For the newbies and non music majors out there, could someone please explain the meaning of the term, syncopation, that we've been throwing around, from a dancer's perspective, please. No need to get too technical musically, unless you just want to.
http://www.ilovemusic.com/syncopat.htm
I went through a similar problem with the term "rhythm", only to finally realize that dancers and musicians apply slightly different definitions to common terms even without realizing it. Same thing with engineers and technicians.

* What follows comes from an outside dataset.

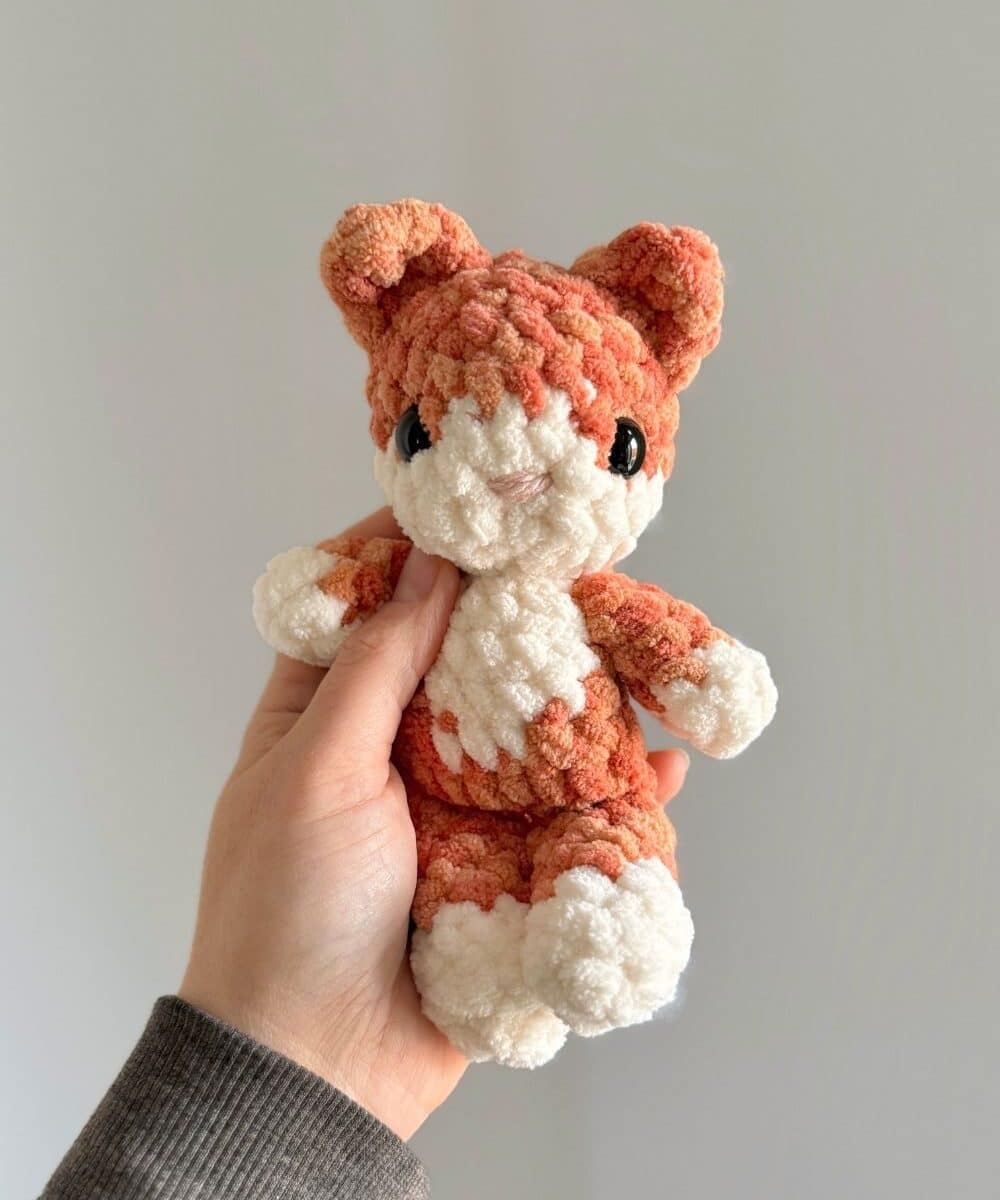 A baby crochet kitten made with orange and cream yarn.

For both, current is defined as the flow of electrons in the circuit, but technicians learn "electron current" which is from negative to positive while engineers learn "conventional current" which is from positive to negative. It turns out that Benjamin Franklin, in naming which had a surplus of charge (positive) and which had a deficit of charge (negative) got it wrong, but we didn't discover that until a century later after all the mathematics had been developed, so engineers continue to use conventional current because that makes all the math come out right.

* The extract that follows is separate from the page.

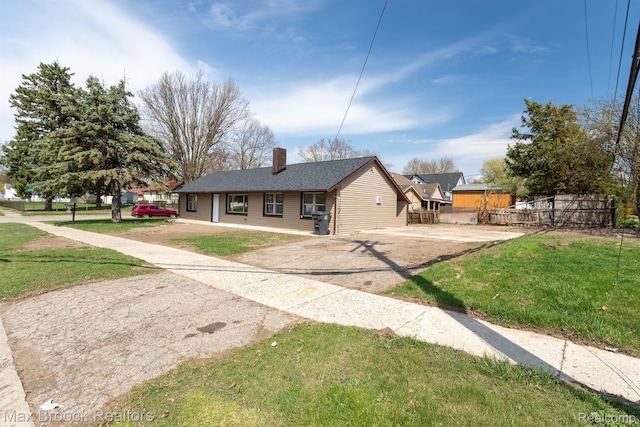 165 W Colgate Ave, Pontiac, MI 48340 - ranch-style house with driveway, a chimney, and a front yard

Similarly, in music "rhythm" talks about dividing up the beats within each measure, while in dance it talks about the basic count of the dance and how that relates to the phrasing of the music, when that phrasing actually applies. Two different concepts, albeit related, though confusing them can result in disaster.

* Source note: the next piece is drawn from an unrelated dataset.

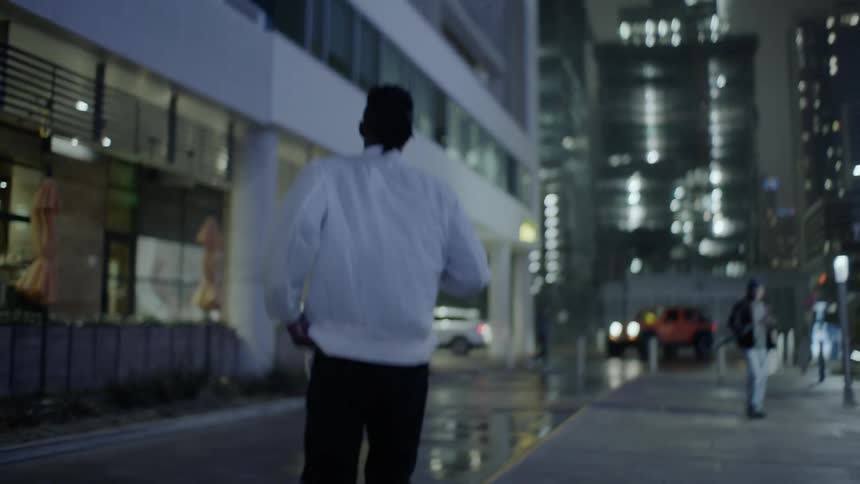 Man walks down a sidewalk in the city at night looking behind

The same with syncopation. As I understand it in music, there is a natural system of strong and weak beats within a measure. In 3/4 time, it's strong weak weak, strong weak weak. In 4/4 time it's Strong weak less-strong weak. In musical syncopation, as I understand it, you divide up the beats so that the normally strong beat is weak, which shifts the stronger beat to where it would have otherwise been weak.
However, in dance syncopation refers to dividing the normal dance rhythm up; eg, swing's 1-2-3&4-5&6 can become and-1-and-2-3&4-5&6, or 1-2&3-4-5&6.
Same words, but with different meanings within different contexts.